Spinoza points out the above in many ways and places, one of which is in his Theological-Political Treatise, where he develops his ground-breaking approach to reading the Bible historically.8Baruch Spinoza, Spinoza: Theological-Political Treatise. Edited by Jonathan Israel. Translated by Michael Silverthorne and Jonathan Israel. (Cambridge: Cambridge University Press 2007). See especially chapter 13. He observes that since the Bible is written by diverse authors working across a wide range of historical times and places, and since the Bible is addressed not to learned experts (philosophers or theologians) but to common people, divine revelation in the Bible can have meaning only if it is about the necessity of free thought and interpretation, and thus about the necessity of the critique of moralistic, authoritarian power.
The simple, universally accessible divine revelation expressed in the Bible, in Spinoza’s view, is the action of loving the neighbour as oneself by practicing justice and charity. Spinoza reasons that full and adequate knowledge of, and obedience to, God—or to the highest thought philosophers can comprehend or intuit—is indistinguishable from ethical action, the practice of justice and charity. From a Spinozan perspective, the Bible is a collection of diverse voices from different contexts that try to argue for, think through, imaginatively inspire, study and strengthen action that resists the Ahabs in our world and in ourselves.9Hermann Melville, Moby-Dick, ch. 128, tells of Ahab’s encounter on the seas with Captain Gardiner of the Rachel whale ship who begged Ahab to help him find find his 12 year old boy who was feared lost at sea:
Meantime, now the stranger was still beseeching his poor boon of Ahab, and Ahab still stood like an anvil, receiving every shock, but without the least quivering of his own. “I will not go,” said the stranger, “till you say aye to me. Do to me as you would have me do to you in the like case.

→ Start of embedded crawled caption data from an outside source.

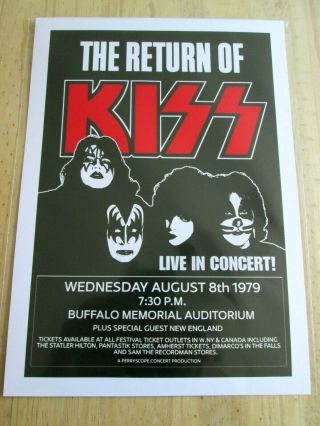 Kiss : The Return Of Kiss Live In Concert 1979 : A4 Glossy Repo Poster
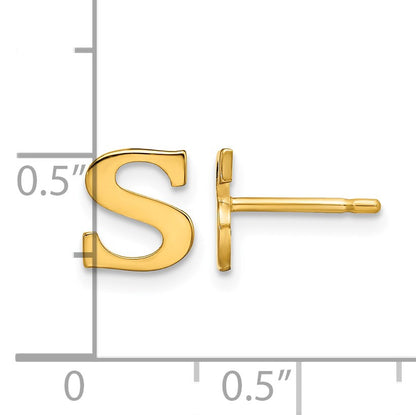 Sterling Silver Gold-plated Letter S Initial Post Earrings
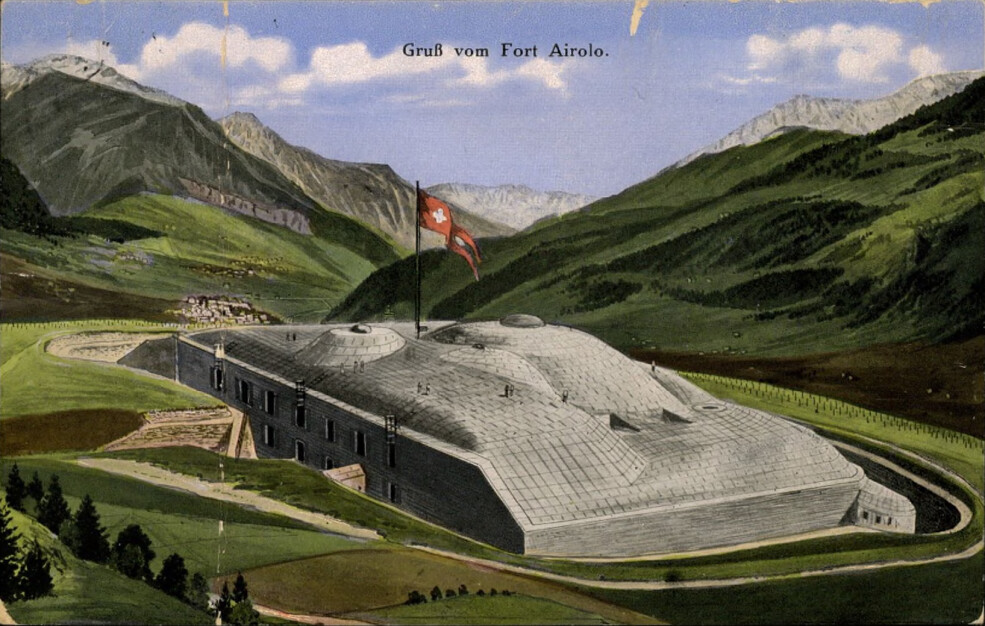 “Gruß vom Fort Airolo,” Postkarte gestempelt in 1914, Schweizerisches Bundesarchiv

For you too have a boy … Yes, yes, you relent; I see it—run, run, men, now, and stand by to square in the yards. “Avast,” cried Ahab—”touch not a rope-yarn;” then in a voice that prolongingly moulded every word—”Captain Gardiner, I will not do it. Even now I lose time. Good bye.” (p.382).
This implies that our discourses, including those of philosophy and religion, must be—indeed cannot but be—subordinate to the demands of ethical action. It also means that ethical action is never subordinate to or necessarily dependent upon this or that preferred or authoritative discourse. This is an ontological claim, meaning that if we can think anything at all, ethics necessarily comes before our preferred discourse on the intelligibility of our ideas or knowledge.

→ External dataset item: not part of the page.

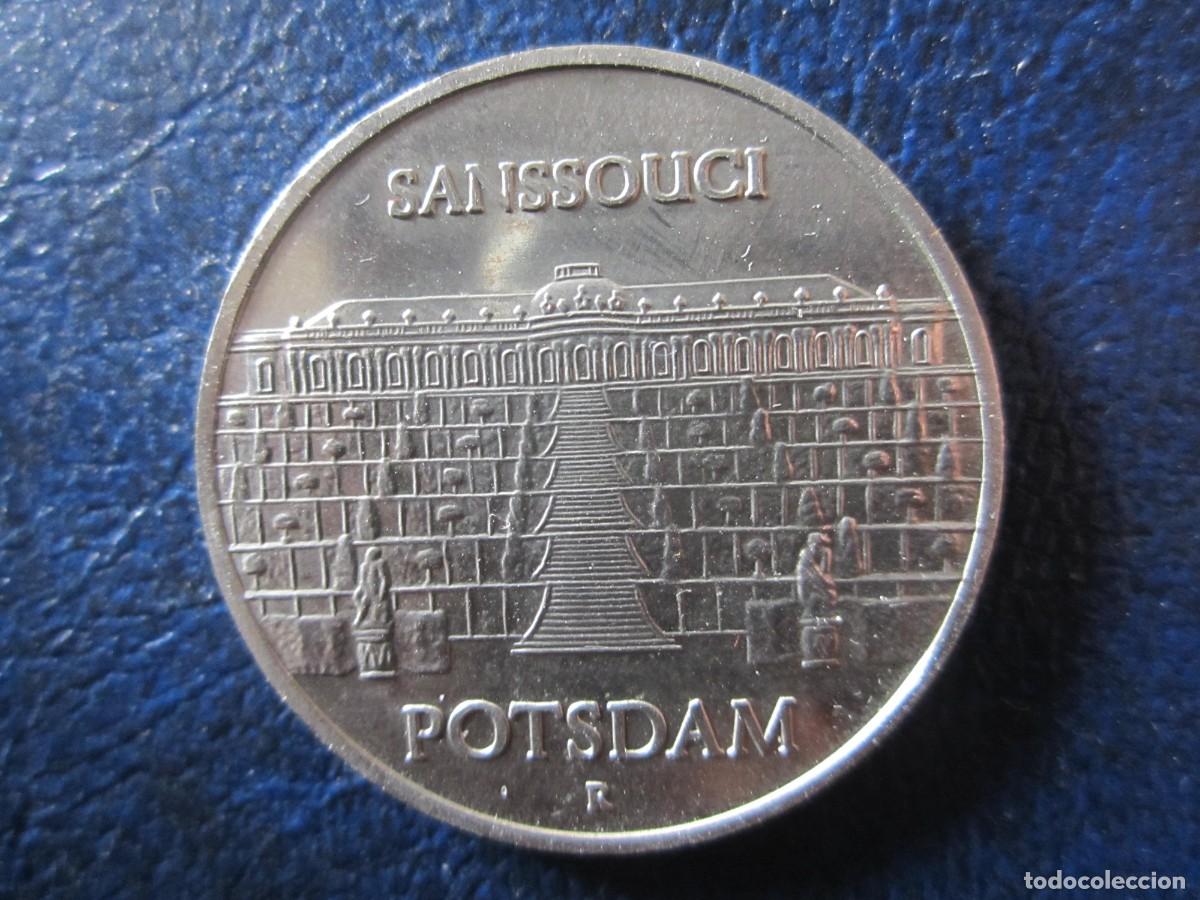 Monedas antiguas de Europa: Alemania Oriental RDA DDR 5 Marcos 1986 Sanssouci Potsdam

Such ethics are a critique of the subordination of experience and desires to dogmatic and abstract ideas. Even when people feed the Ahab inside themselves and others by clinging to certain ideas and reifying them in a desire for closed and fixed relationships, they cannot explain those ideas adequately without breaking them down, clarifying them, rewording them, unpacking them, demystifying them, socializing them, and thus presupposing and positing the very relationships they resist. Ideas cannot adequately be thought without their living conceptual content overcoming the dead shell of abstraction and reification.